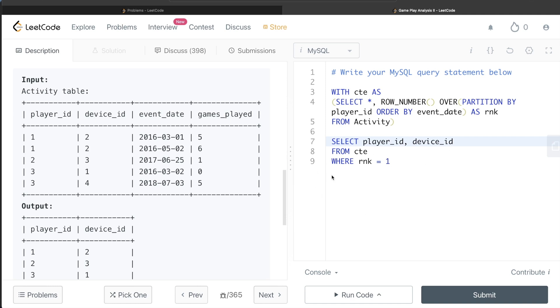So yeah, this is how we do it. Let me know if there is a better way or a more efficient way, or how the solution will look like if you use RANK or DENSE_RANK. Will there be any change? Let the solution be in the comment section below, and until then I will see you guys in the next video.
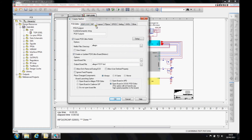We support lots of different outputs to different formats, but the main one for PCB editor uses the combined property stream, which is the PCB footprint.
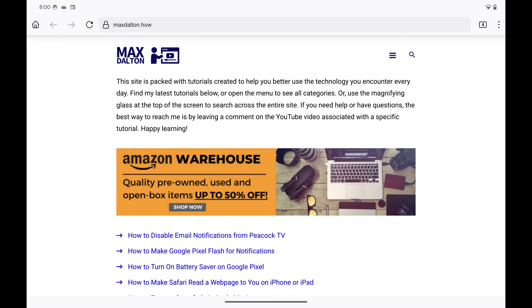Step 1: Open the Firefox app on your Android device. You'll land on your Firefox home screen.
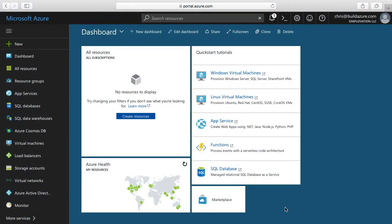This is Chris Peachman from BuildAzure.com. In this video, we're going to take a look at the Azure Cloud Shell that was recently released in the Azure portal.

◆ Exercise objective ◆
All the material shown above is to be copied exactly, with no pictures carried over.

◆ Written answer ◆
So yeah, this is how we do it. Let me know if there is a better way or a more efficient way, or how the solution will look like if you use RANK or DENSE_RANK. Will there be any change? Let the solution be in the comment section below, and until then I will see you guys in the next video.
We support lots of different outputs to different formats, but the main one for PCB editor uses the combined property stream, which is the PCB footprint.
Step 1: Open the Firefox app on your Android device. You'll land on your Firefox home screen.
This is Chris Peachman from BuildAzure.com. In this video, we're going to take a look at the Azure Cloud Shell that was recently released in the Azure portal.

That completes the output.